- [DIRECTIONS]: What you should give back is a precise copy of the lines below from the one containing "OLANLY Tappetino da" through the one containing "Switbert Lobisser - Aus", with no pictures.

- [GIVEN INFORMATION]:
++++++++++
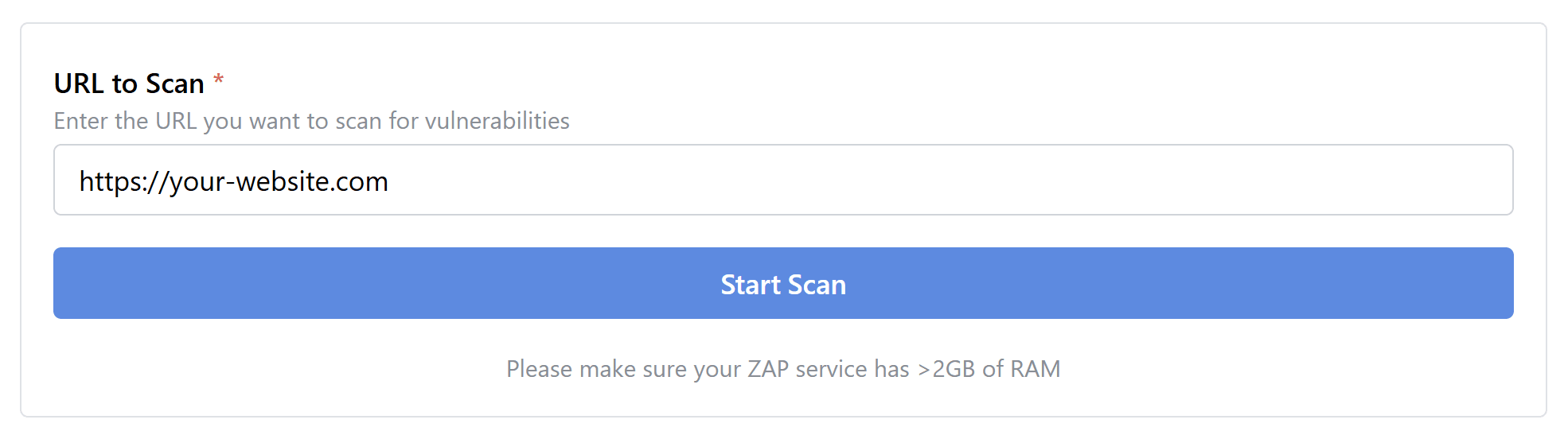 Enter URL and press start scan to begin ZAP vulnerbility scan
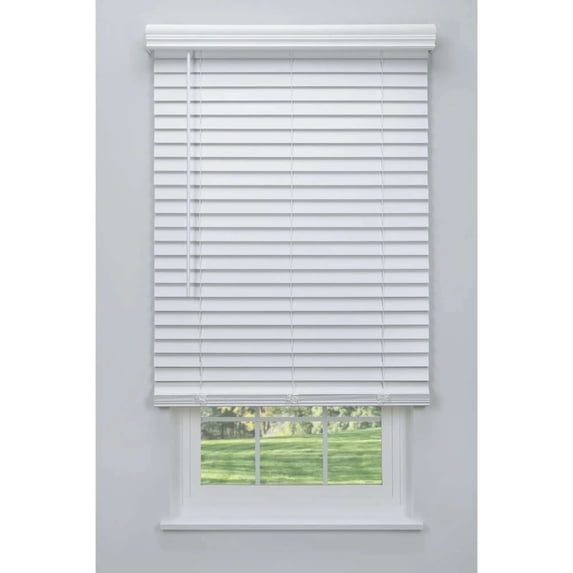 Linen Avenue Cordless 2" Faux Wood Blind White 46 1/2 W x 48 H, Outside Mount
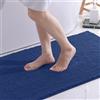 OLANLY Tappetino da bagno in chenille, antiscivolo, morbido, assorbente, lavabile, tappetino per doccia per bagno, 60 x 120 cm, Blu Marino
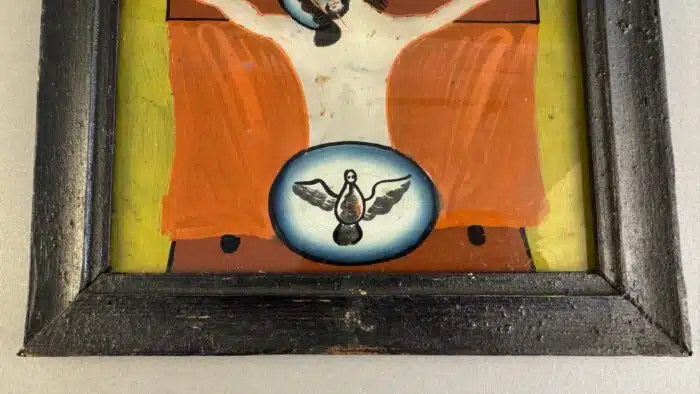 Switbert Lobisser - Aus persönlichem Besitz - Hinterglasbild "Gnadenstuhl", evt. Sandl in Oberösterreich, 1. Hälfte 19. Jahrhundert 34x24cm – Bild 4
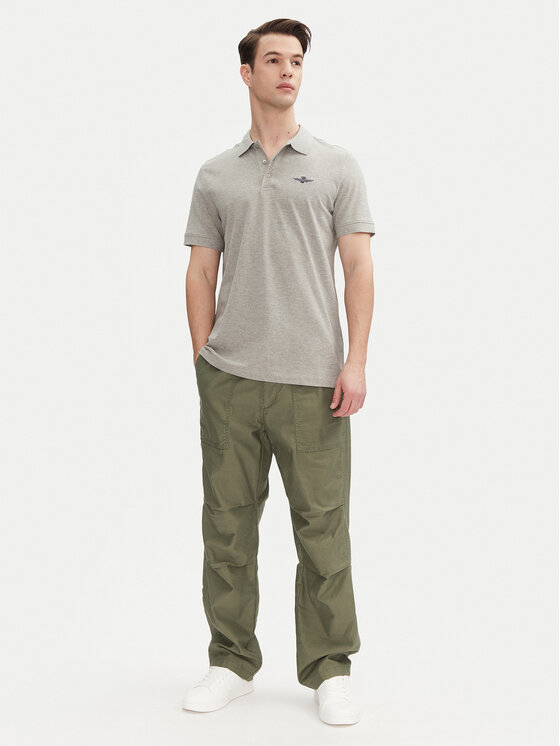 Aeronautica Militare Aeronautica Militare Polo majica 251PO1843P191 Siva Regular Fit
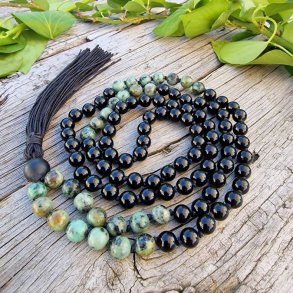 Onyx/turkis unisex mala 8mm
++++++++++
- [COMPLETED TASK]:
 OLANLY Tappetino da bagno in chenille, antiscivolo, morbido, assorbente, lavabile, tappetino per doccia per bagno, 60 x 120 cm, Blu Marino
 Switbert Lobisser - Aus persönlichem Besitz - Hinterglasbild "Gnadenstuhl", evt. Sandl in Oberösterreich, 1. Hälfte 19. Jahrhundert 34x24cm – Bild 4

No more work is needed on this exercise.